Beneath this task are records; print exactly the stretch of them from the line with "1st image of 606 Faircrest Ave NW" through the line with "Mehr ist mehr", both ends included.

++++ EXERCISE MATERIALS

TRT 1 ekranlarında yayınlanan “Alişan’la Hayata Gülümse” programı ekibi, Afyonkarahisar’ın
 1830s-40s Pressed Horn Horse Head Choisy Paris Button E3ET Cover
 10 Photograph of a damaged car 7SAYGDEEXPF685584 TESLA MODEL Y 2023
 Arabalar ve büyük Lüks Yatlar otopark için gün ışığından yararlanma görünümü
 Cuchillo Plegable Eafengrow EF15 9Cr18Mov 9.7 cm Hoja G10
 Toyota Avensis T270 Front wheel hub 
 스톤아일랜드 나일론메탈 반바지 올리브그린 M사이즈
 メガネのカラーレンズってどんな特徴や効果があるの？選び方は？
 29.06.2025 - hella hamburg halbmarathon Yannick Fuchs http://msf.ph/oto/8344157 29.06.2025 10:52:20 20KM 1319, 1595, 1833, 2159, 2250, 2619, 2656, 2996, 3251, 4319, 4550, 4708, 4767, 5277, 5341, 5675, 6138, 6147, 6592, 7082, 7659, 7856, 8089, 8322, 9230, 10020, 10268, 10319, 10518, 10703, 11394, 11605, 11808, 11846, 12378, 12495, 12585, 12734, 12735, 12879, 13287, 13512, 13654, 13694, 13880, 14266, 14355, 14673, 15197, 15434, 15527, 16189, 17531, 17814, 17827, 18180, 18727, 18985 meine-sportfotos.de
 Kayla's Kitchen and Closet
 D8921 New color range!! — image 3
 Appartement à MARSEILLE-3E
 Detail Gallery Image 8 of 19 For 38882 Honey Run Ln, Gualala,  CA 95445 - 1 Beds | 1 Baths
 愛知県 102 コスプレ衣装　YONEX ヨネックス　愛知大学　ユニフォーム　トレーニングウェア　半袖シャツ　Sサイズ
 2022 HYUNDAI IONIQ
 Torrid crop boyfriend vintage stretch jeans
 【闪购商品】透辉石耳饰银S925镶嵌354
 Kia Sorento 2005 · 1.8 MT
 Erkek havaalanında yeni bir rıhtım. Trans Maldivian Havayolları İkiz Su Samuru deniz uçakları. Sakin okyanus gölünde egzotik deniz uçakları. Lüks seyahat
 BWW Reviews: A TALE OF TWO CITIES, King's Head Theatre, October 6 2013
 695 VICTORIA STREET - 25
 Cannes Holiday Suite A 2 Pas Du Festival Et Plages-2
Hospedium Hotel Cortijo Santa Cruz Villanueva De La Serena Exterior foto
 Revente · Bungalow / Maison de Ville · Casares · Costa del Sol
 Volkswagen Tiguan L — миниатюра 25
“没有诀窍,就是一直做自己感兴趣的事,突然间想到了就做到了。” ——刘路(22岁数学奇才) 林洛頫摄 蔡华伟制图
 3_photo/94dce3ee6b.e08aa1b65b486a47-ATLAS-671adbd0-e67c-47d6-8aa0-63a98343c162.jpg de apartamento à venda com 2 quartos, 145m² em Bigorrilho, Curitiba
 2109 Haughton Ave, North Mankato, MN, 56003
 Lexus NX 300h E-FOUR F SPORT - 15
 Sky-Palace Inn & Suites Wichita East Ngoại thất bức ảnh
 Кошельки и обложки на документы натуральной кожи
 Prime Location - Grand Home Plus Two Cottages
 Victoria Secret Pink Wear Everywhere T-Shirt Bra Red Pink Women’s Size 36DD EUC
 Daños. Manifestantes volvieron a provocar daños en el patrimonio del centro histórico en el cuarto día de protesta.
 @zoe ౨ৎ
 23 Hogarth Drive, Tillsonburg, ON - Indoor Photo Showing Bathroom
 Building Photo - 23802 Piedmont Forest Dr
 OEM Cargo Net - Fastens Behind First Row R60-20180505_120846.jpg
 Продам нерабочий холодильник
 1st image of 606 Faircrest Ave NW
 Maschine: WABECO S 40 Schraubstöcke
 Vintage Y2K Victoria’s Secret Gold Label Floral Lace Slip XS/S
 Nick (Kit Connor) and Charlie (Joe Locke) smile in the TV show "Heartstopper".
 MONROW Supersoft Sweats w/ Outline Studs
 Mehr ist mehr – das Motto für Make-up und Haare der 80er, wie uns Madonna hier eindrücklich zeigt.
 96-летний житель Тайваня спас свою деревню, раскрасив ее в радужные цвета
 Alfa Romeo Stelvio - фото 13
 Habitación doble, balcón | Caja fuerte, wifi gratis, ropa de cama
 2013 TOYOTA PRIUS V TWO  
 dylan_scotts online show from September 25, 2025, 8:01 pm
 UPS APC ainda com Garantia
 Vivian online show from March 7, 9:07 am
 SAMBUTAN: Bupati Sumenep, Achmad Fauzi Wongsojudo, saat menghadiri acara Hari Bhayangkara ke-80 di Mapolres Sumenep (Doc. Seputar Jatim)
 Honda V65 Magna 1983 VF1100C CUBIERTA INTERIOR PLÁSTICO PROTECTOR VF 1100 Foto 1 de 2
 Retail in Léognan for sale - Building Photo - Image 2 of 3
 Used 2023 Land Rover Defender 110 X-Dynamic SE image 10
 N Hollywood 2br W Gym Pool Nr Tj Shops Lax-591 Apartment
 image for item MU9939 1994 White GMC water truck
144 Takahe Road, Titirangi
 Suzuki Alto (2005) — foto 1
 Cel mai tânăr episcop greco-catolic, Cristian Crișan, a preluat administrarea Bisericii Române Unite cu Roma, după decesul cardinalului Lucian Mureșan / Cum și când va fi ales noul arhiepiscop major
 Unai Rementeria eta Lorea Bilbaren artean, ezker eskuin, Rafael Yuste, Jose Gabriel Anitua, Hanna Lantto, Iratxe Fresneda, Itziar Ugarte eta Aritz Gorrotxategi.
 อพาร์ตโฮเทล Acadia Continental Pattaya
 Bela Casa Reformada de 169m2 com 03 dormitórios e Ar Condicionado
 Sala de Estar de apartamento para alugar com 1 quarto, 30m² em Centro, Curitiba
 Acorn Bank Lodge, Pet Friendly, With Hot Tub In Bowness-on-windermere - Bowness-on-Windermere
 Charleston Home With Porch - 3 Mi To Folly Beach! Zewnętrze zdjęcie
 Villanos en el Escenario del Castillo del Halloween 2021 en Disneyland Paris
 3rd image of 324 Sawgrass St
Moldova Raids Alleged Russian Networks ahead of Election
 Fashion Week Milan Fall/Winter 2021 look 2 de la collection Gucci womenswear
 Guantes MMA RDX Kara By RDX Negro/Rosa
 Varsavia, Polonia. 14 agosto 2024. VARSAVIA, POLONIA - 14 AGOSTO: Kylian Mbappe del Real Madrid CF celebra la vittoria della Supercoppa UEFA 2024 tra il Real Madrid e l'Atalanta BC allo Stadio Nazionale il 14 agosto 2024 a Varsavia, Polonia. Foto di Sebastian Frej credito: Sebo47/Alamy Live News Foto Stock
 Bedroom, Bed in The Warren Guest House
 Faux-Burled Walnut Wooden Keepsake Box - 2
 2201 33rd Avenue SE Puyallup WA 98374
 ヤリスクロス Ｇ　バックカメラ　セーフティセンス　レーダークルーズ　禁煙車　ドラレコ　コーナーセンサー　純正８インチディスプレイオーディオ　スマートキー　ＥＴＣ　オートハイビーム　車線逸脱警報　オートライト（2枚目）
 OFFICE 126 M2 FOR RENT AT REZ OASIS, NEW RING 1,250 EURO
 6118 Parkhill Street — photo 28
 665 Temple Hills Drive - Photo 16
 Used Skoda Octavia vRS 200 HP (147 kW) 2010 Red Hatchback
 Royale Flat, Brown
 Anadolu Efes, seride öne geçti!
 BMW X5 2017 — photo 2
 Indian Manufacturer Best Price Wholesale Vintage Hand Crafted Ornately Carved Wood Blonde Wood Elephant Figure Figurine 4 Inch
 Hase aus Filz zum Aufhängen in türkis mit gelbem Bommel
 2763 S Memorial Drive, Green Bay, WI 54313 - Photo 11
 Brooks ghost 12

++++++++

• [OUTPUT FOR THIS EXERCISE]
 1st image of 606 Faircrest Ave NW
 Maschine: WABECO S 40 Schraubstöcke
 Vintage Y2K Victoria’s Secret Gold Label Floral Lace Slip XS/S
 Nick (Kit Connor) and Charlie (Joe Locke) smile in the TV show "Heartstopper".
 MONROW Supersoft Sweats w/ Outline Studs
 Mehr ist mehr – das Motto für Make-up und Haare der 80er, wie uns Madonna hier eindrücklich zeigt.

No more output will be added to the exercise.